HE Food and Drug Administration is asking the
makers of prescription drugs to shun the obfuscation, so to speak,
by proposing revisions of its regulations on advertising directly to
consumers. The proposals encourage the ads to describe significant
risks the drugs may pose in language that is clearer and easier for
patients to understand.
The most notable aspect of the proposed changes, among several
announced yesterday after months of study by the F.D.A., is the
potential replacement of full-page advertisements for prescription
medications in newspapers and magazines that now detail, in small
type, information about effects and effectiveness.
Including such information is the quid pro quo drug makers must
accept if they want to run ads promoting products for specific
treatments in publications that are read by consumers rather than
health care professionals. It is the print equivalent of the
announcer in televised drug commercials who lists the risks in
soothing tones at odds with the nature of the words.

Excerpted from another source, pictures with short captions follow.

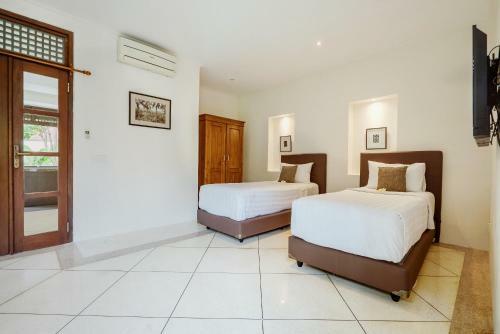 Villa Seminyak William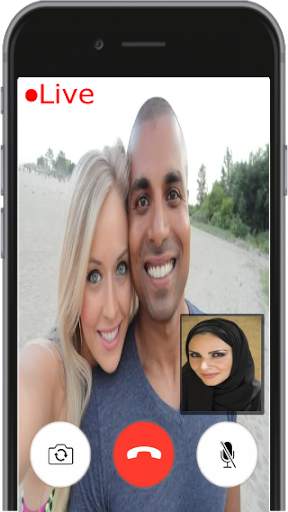 Stranger Girls Random Video Chat screenshot 6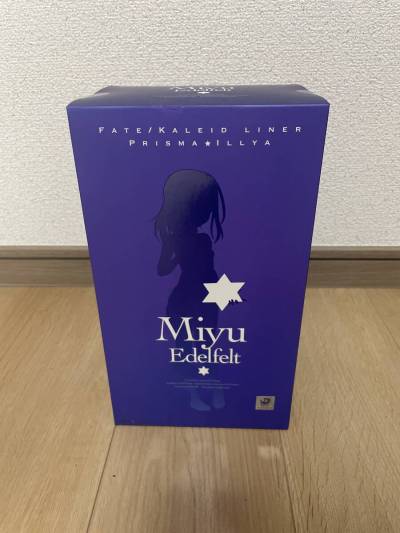 美遊・エーデルフェルト 通常版 「Fate/Kaleid liner プリズマ☆イリヤ」月刊ホビージャパン誌上通販＆ホビージャパンオンラインショップ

The F.D.A. commissioner, Dr. Mark B. McClellan, suggested that
drug makers produce ads that are more reader friendly by
concentrating on the most common or important side effects. For
instance, print ads might summarize the most important risks in
bigger type highlighted by bullet points.
"The general idea from all our research is that less may be
more," Dr. McClellan said in a phone interview before he described
the proposals at a news conference in Washington.
"The goal here is to make sure the F.D.A. is doing all we can to
make sure prescription drug promotion is as clear as possible," he
added. "If we're going to have advertising, people must come away
with a clear sense of what the risks and benefits are."
Critics of letting drug makers pitch prescription products to
consumers as well to doctors are worried, however, that the concept
of less being more could end up being, well, less.
"I would be in favor of it if the F.D.A. also required as it does
now the full labeling," said Dr. Sidney M. Wolfe, director of the
Health Research Group at Public Citizen in Washington, an advocacy
organization, referring to the patient information. "I'm worried
about taking out the full labeling."
The proposed changes would update guidelines issued by the F.D.A.
in 1999 to address prescription drug advertising directed at
consumers, which has grown into a $2.6-billion-a-year business.
Studies done by advertising agencies and media companies, as well
as by government agencies and drug companies, have found that
allowing such ads encourages consumers to ask their doctors about
conditions, to get treatment for problems and to take prescribed
medications as directed.
But research has also found that drug ads prompt some consumers
to ask for treatments they may not need, which may be prescribed by
doctors reluctant to deny patients what they ask for. Advocacy
organizations have complained that many direct-to-consumer ads play
up the potential benefits of expensive prescription drugs while
playing down their possible harmful effects.
The changes affecting the print ads "sound like a great idea, but
they could open the door to abuse," said Representative Henry A.
Waxman, a California Democrat who complained last week that the
F.D.A. was dragging its feet on enforcing regulations already in
effect.
"If consumer warnings about 'acute liver failure' are replaced by
language saying 'it can affect your liver function,' that's not
consumer friendly," Mr. Waxman said. "That's misleading the
consumer."
Executives at associations representing advertising agencies and
marketers were more sanguine about the proposals, which were issued
by the F.D.A. in draft form for public comment.
"The new guidances are exactly the kind of leadership we like to
see from a regulatory agency," said Adonis Hoffman, senior vice
president and counsel at the Washington office of the American
Association of Advertising Agencies.